NEVER BROKE ONE NEVER SEEN ONE BROKE ... BUT HAVE SEEN SEVERAL BROKE BELTS AND SEEN BELT DRIVE UNITS BROKE
 
I have witnessed a gearbox failure firsthand it was a precision gear drive and the prop flange broke off due to improper machining the output was turned down to small and would have wrote this off to a fluke but it happened twice with less than 20 hrs. on both boxes and with catastrophic results I.E. wasted 3 blade carbon prop and destroyed cage. the guy it happened to is a freind and has sued the company that builds the box
 
Precision drives usually are pretty tough. Art malone used to run one on his blown alchohol boat. I have found them to be very noisy and if you have much cam in your motor you will get a lot of bounce back on your prop because the prop is a constant load on the gear box and the engine is not a source of constant power at idle as soon as you pick up the throttle it smooths out because of the flywheel effect. They make a lot of vibration due to this at idle. If you had one of his hubs with the rubber in it it would help some. Those drives are very old technology and were never intended for the engines we run today swingin the props we swing now. I was talkin to a guy at KISS saturday who had his boat destroyed by a sensinich prop when the bolts holding the blades in broke. They are now gonna put six bolts on the blades instead of three like they have for years.

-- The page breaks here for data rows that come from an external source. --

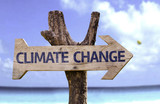 Fototapeta  - Climate Change wooden sign with a beach on background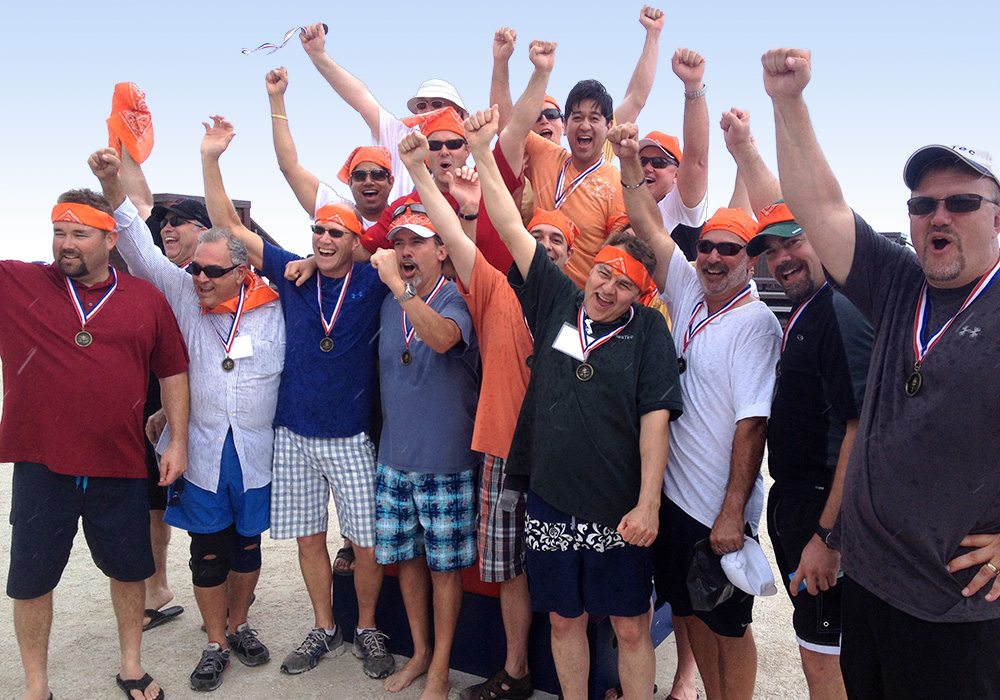 A group of people posing for a picture on the beach.
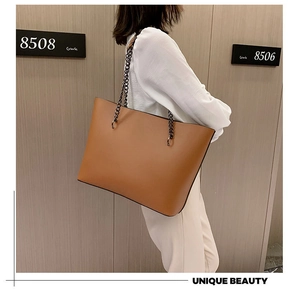 Detailed side view of a large caramel leather tote bag with stylish black metal chain handles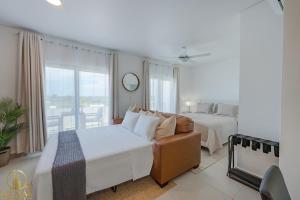 a bedroom with a bed and a bed and a couch at Aura Sosua Ocean Village in Sosúa +25 photos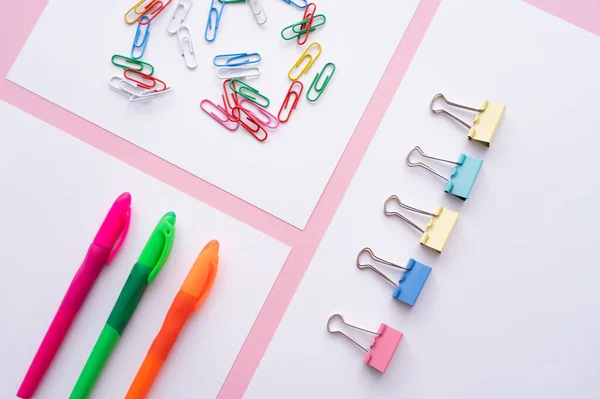 Flat lay of colorful fold back clips, paper clips and pens on white papers on pink - foto de stock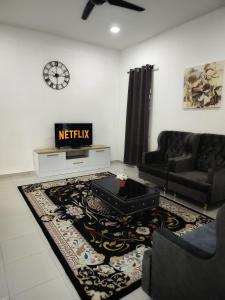 a living room with a couch and a table at Homestay Temerloh Near Hospital with Private Pool Wi-Fi Netflix in Temerloh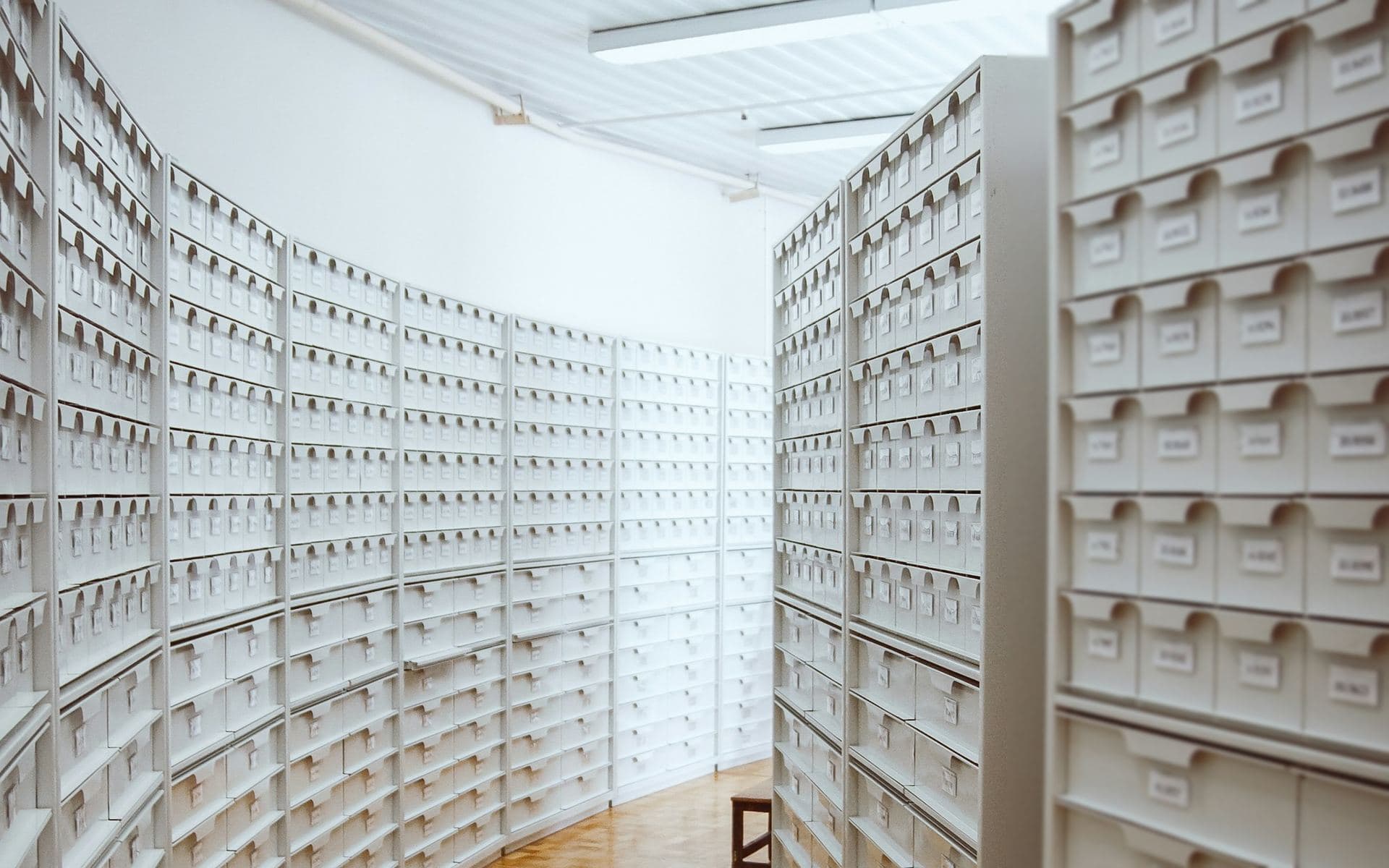 Allée courbe d'un service d'archives, rayonnages de boîtes blanches rangées de part et d'autre d'un parquet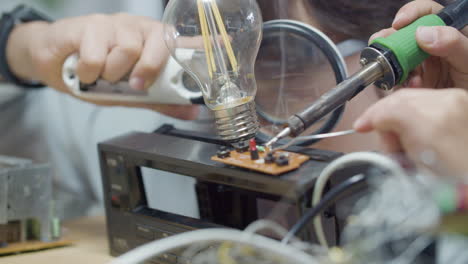 closeup shot of two schoolchildren doing engineering project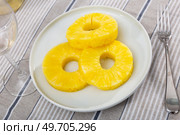 On table there is plate with summer dessert - round pieces of pineapple pulp. Стоковое фото, фотограф Яков Филимонов / Фотобанк Лори
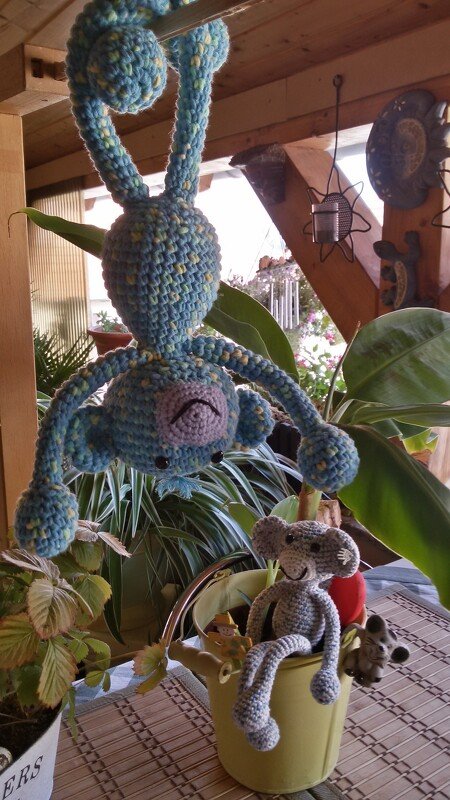 Blau-grün gehäkelter, hängender Amigurumi-Affe und eine graue gehäkelte Maus in einer gelben Gießkanne vor Pflanzen auf einer Veranda.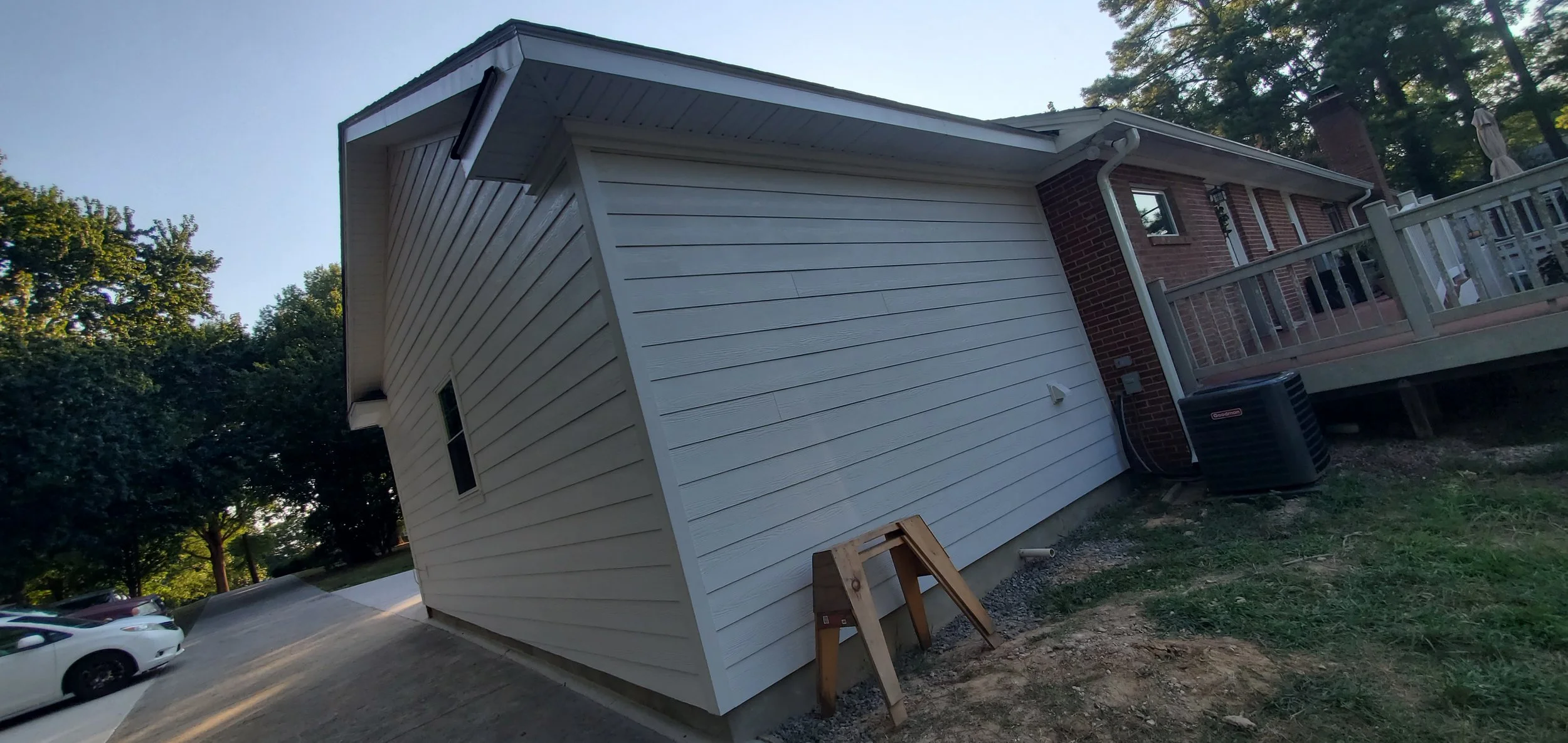 Side view of a residential house with white siding, a brick section, a deck, and an air conditioning unit on the ground.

It is always a constant challenge for the manufacturers to stay ahead of us on reliability issues. You gotta remember we are all drivin race cars in essence and with them come very little guarantees we do things with them that make engineers cringe. just stop and think about the strain on the prop and shafts when you do a 180 or a 360 spin what do you think the weight shift looks like on a chart at that point ?? it would scare you bad enough you would change the way you drive. Think about the aerobatic planes they have to build them special to take the stress and they dont even come close to doin a 180 or a 360 spin.

Maybe PRECISION needs to be sued I dont know. I do know that I would never give any kind of guarantee on a prop or a box and you would sign a waiver and a disclaimer releiving me from any responsibility for you or anyone else and property damage. Oh yeah sens. did buy the guy a new boat he said. just my thoughts on it

I also know that product liability insurance is why stuff costs so much and why many new technological innovations never reach the public. Do they install pointless ignition systems yet on small planes ??? they didnt for many years because everytime a plane crashes everyone who has touched it gets sued and the old points ignition had withstood lawsuits before so they didnt change to the better more reliable pointless type electronic ignition systems for that very reason.
 
Cntry.

The modern aerobatic planes are doing stuff that is so violent that it will snap the crank right off of a 540 with a metal prop. That is why they went to the composite props. they are pulling + and- 9+ g's too. I'll PM you a link to some videos if you like. The mags are still used both for certification reasons and because you can lose the whole electrical system and one mag and still make it home.

edit, I figured out how to link to it. Right click and "save target as".



right click here

Jim
 
i've never ran an automotive engine or reduction unit, but i know of all the seismograph crews in texas, they all run belts. they depend on their boats for their livelihood, not just a day out cruising. do they know what they're doing? i don't know but, its worth considering......
 
Yepper that was a cool video NOW JUST IMAGINE when he is comin right at you he just does a horizontal 180 or a horizontal 360 that would screw up the gyroscopic forces big time and that is what we do evry day we run.
 
You mean something like this: (same airplane, older paint job)

right click here

It's an AVI, you may need the plug in,

Jim

By the way the first video is much harder on the crank.
 
The first 180 is called a hammerhead turn. Airplanes have been doing that for probably 80 years as a turn around move in airshows or just for fun. The 540 you saw in the video is called a double hammerhead, you don't see that very often. It is a difficult move to do right. I have only seen two people do it.